O advogado da família Magnabosco, Durval Balen, entende que não há outra alternativa ao município do que tentar um acordo — que é algo que foi discutido nos últimos anos. Na visão dele, os recursos protocolados pelo município no STJ servem apenas para adiar o pagamento da dívida, onde não há robustez para mudar a decisão.
— A prefeitura vai protelando e vai entrando com um recurso atrás do outro. Estamos esperando o diálogo. Prefeito fica quatro, oito anos e vai empurrando para o outro — avalia.
Entenda o caso
:: Nos anos 1960, a família Magnabosco doou um terreno para a construção da futura Universidade de Caxias do Sul (UCS). A área permaneceu desocupada e foi invadida por famílias em maio de 1977.
:: Sem cumprir com o acordo firmado nos anos 1960, a prefeitura foi acionada judicialmente pelos Magnabosco, em um processo que se arrastou até dezembro de 1981, quando a Justiça decidiu que as terras deveriam ser devolvidas à família, o que ocorreu oficialmente no final do ano seguinte.

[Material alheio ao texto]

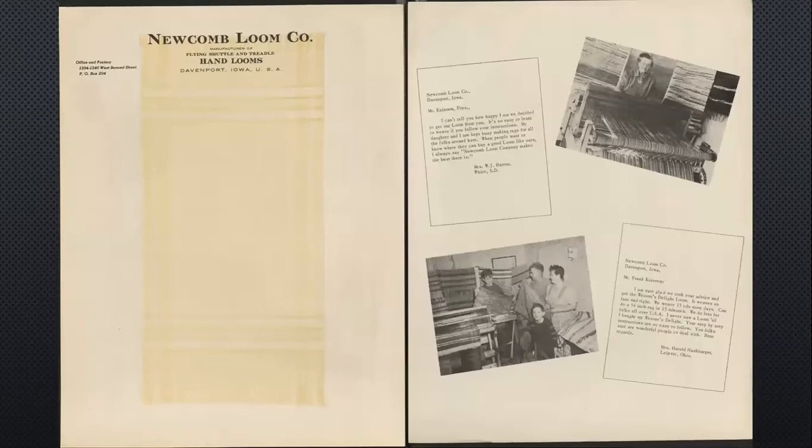This is a piece of their stationery — you can see they've got the image of the rug kind of in the background. The back side has two testimonials and pictures: one from a woman in South Dakota and one from a woman in Ohio. They talk about how happy they are with the loom. 'It's easy to learn to weave if you follow the directions. My daughter and I keep busy and folks want to know where they can buy a good loom like ours. I always say Newcomb Loom Company makes the best there is.' The woman from Ohio says they can weave 15 yards most days and do a 54-inch rug in 15 minutes.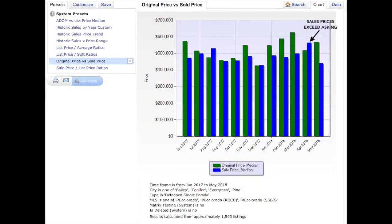And this lack of inventory drives prices up. This graph shows original versus sold price. In April, the median or middle sales price — not the average — was $517,500, while the median sold price was $569. So once again, you can see that April was the month where sales prices began to exceed the asking price.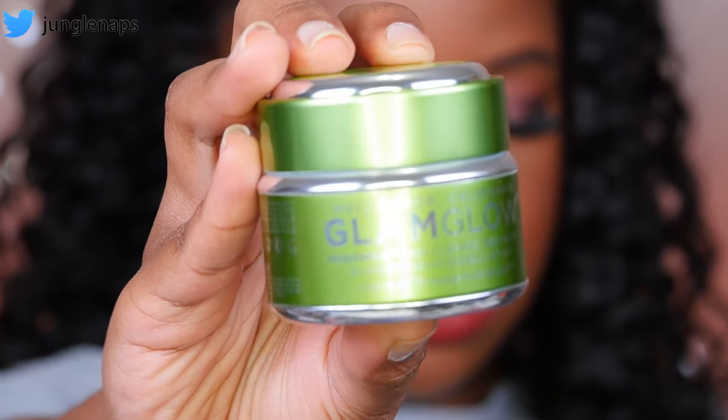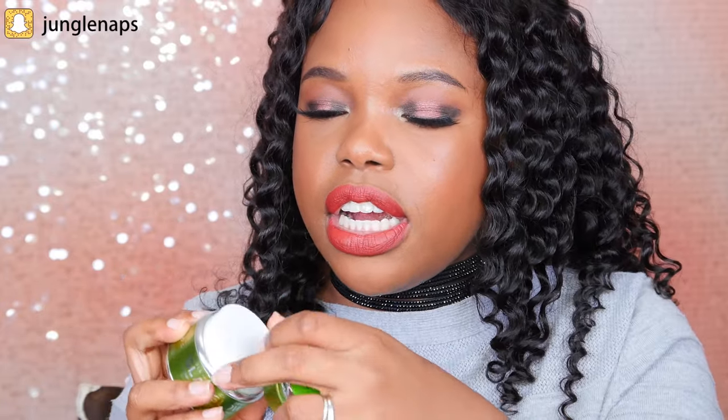Going back to clay masks — this one I love so much. I'll be honest, it's not a cheap mask, and every time I run out I try to find something new, but nothing can replace it. It's so good. This is from GlamGlow — it's the Power Mud Dual Cleanse Treatment. It's a milder version of their Super Mud. It comes in this little container and smells earthy and minty at the same time.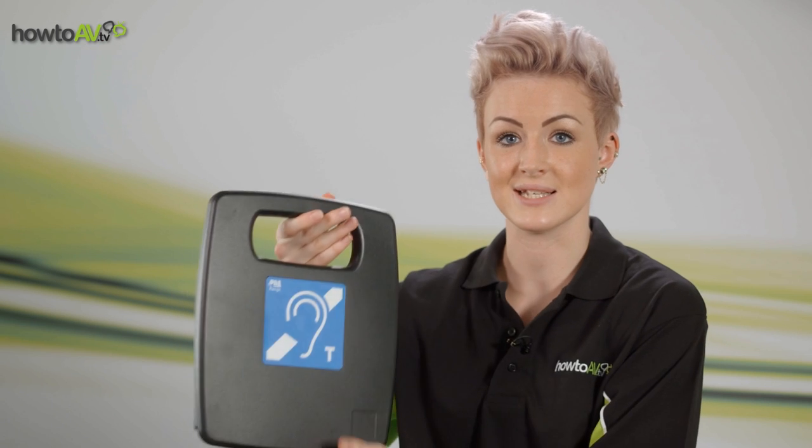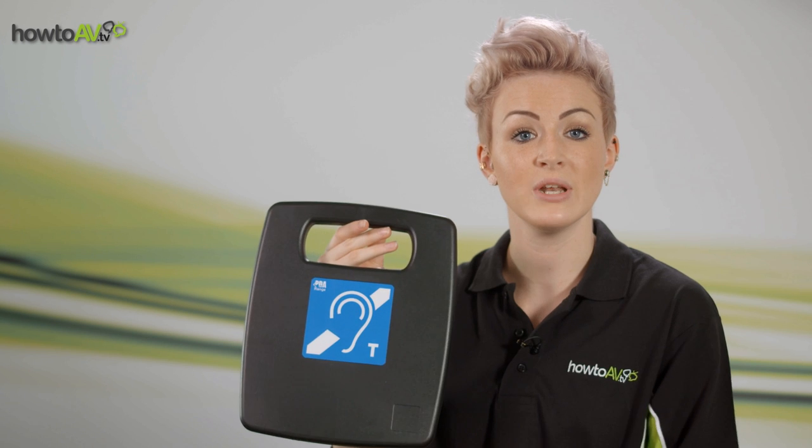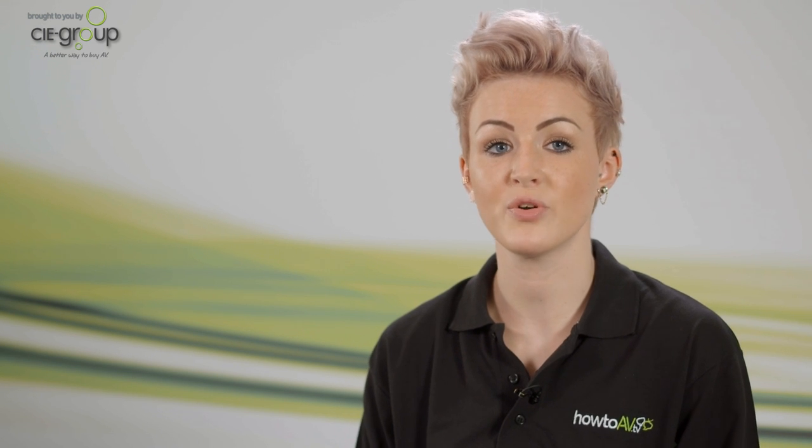Induction loop systems are also commonly available in portable versions such as this one here. In some applications, for instance a school or office environment, there may be specific students or staff with a hearing impairment who would benefit from an induction loop, but to install systems in every room in the building would be prohibitive. A portable loop system provides an all-in-one solution: a microphone to pick up the teacher's or colleague's voices, an audio line input for sound sources such as an MP3 player or a DVD, an internal loop providing localised coverage of perhaps 1.5 metres, and a rechargeable battery allowing for wireless functionality and greater portability.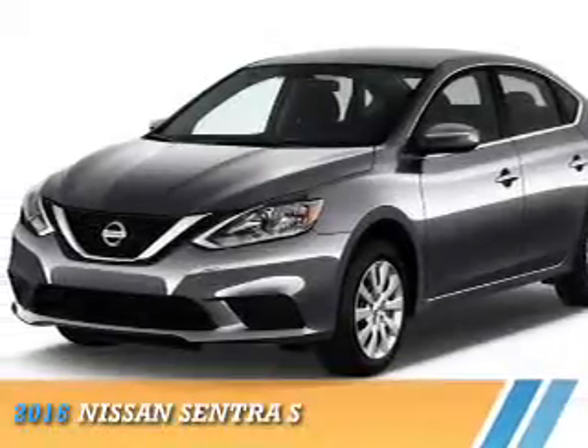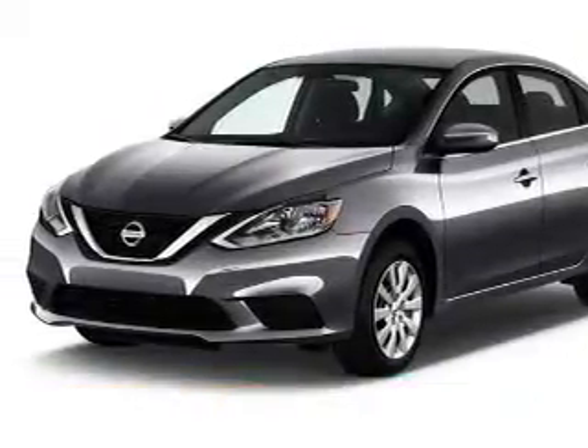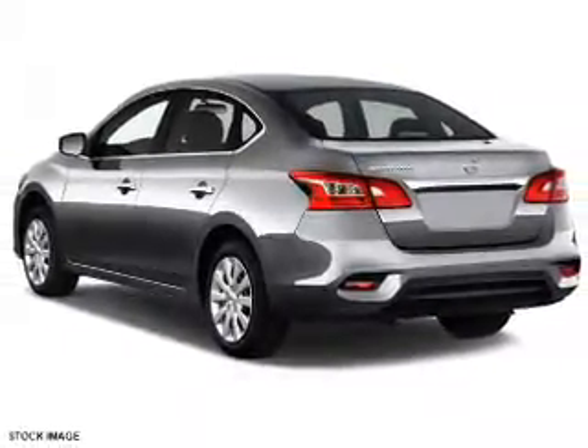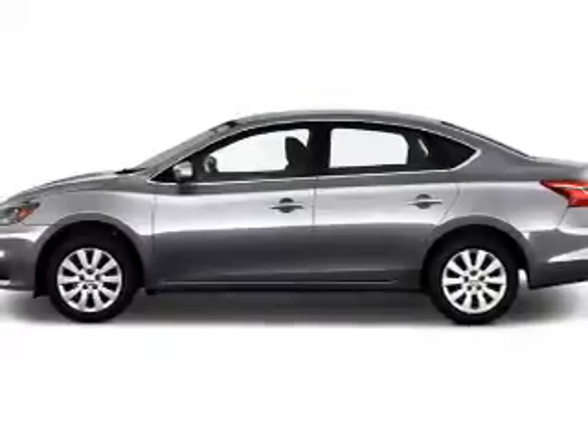Presenting the 2016 Nissan Sentra. It's powered by front-wheel drive, a 1.8-liter four-cylinder engine, and a continuously variable transmission.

:: A situação estaria resolvida não fosse a ocupação da área. Ao tomar conhecimento de que sua propriedade estava tomada ilegalmente, a família Magnabosco novamente recorreu à Justiça, em setembro de 1983, reivindicando o imóvel contra os moradores. Enquanto o processo seguia, a prefeitura interferiu na invasão, com obras de infraestrutura.
:: Por conta disso, o município foi acionado pelos defensores dos Magnabosco "na qualidade de litisconsorte passivo", ou seja, como participante da invasão.
:: O processo tramitou em Caxias do Sul, Porto Alegre e chegou ao Superior Tribunal de Justiça (STJ). O município perdeu em todas as instâncias. Em 2019, por quatro votos a três, a prefeitura de Caxias foi condenada a pagar a dívida.
:: Desde então, o município tem recorrido desta decisão, com base nos embargos de declaração, que é um tipo de recurso que serve para esclarecer pontos de uma sentença judicial.
:: A dívida terá que ser paga somente quando os recursos estiverem esgotados.